**DATA FOR ANALYSIS:**
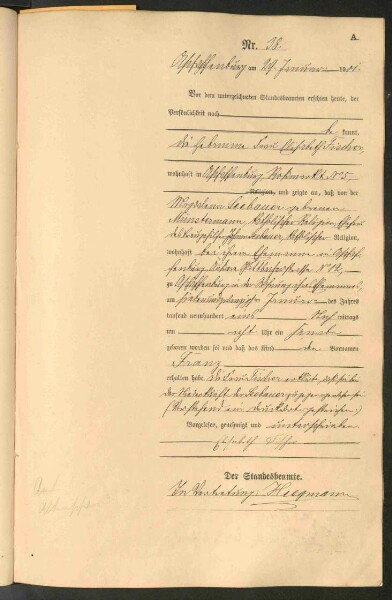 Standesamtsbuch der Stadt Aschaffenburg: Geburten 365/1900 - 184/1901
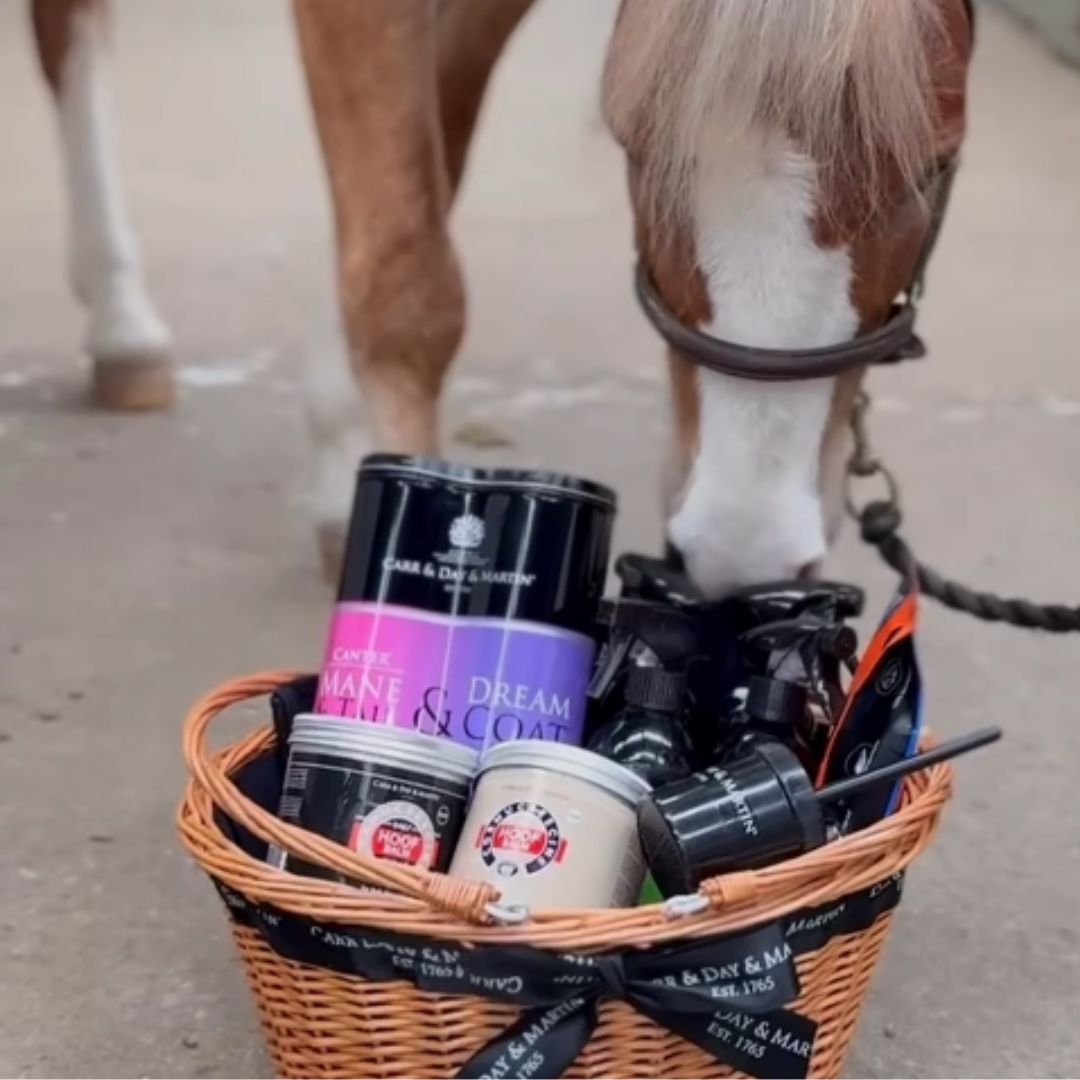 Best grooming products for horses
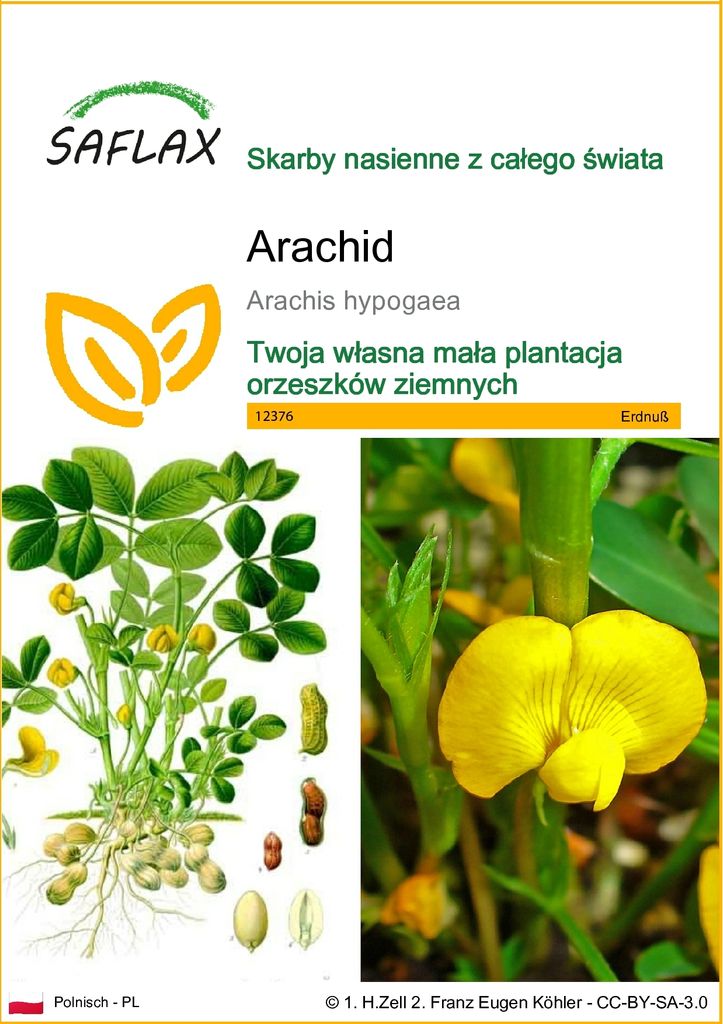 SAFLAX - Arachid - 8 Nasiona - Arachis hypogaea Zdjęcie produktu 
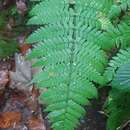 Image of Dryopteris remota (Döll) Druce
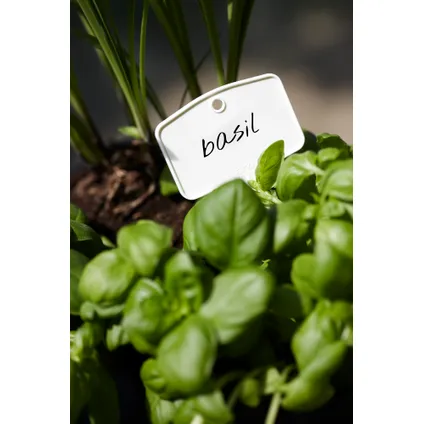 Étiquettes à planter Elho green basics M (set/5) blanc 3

* * *

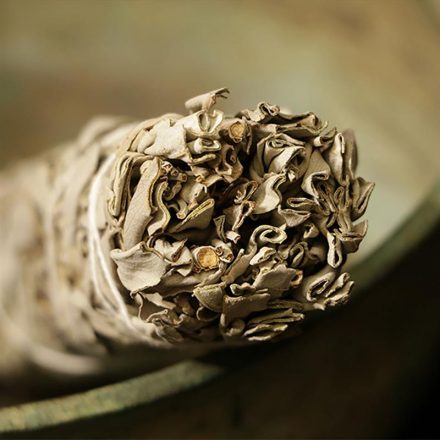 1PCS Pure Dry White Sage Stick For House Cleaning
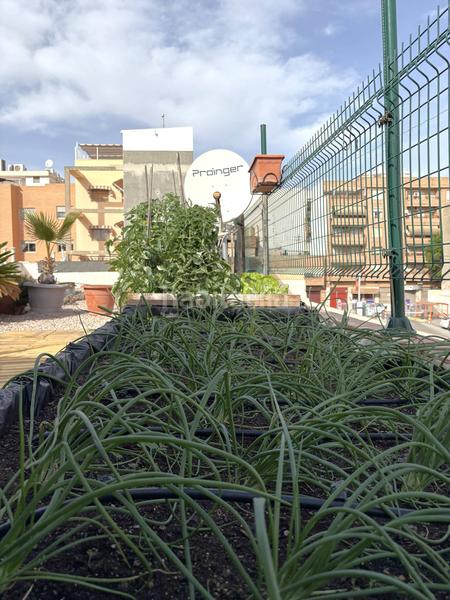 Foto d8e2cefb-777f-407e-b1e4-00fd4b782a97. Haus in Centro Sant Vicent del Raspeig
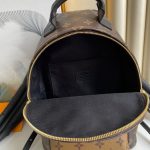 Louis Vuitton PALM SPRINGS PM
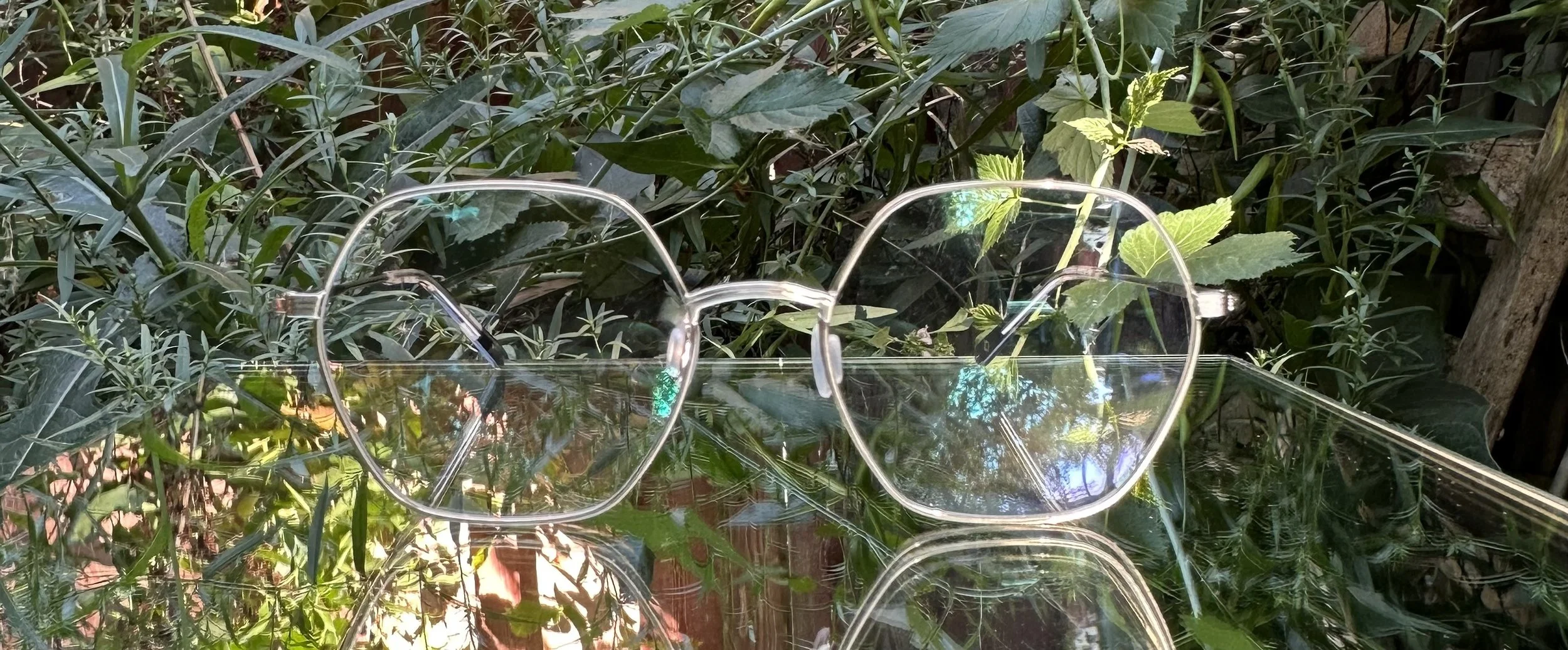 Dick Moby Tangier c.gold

**AIM OF THE EXERCISE:** Look above for the line with "Louis Vuitton PALM SPRINGS PM" and copy exactly from it through the line with "Dick Moby Tangier c.gold", both included. Omit the pictures.

**EXERCISE ANSWER:**
 Louis Vuitton PALM SPRINGS PM
 Dick Moby Tangier c.gold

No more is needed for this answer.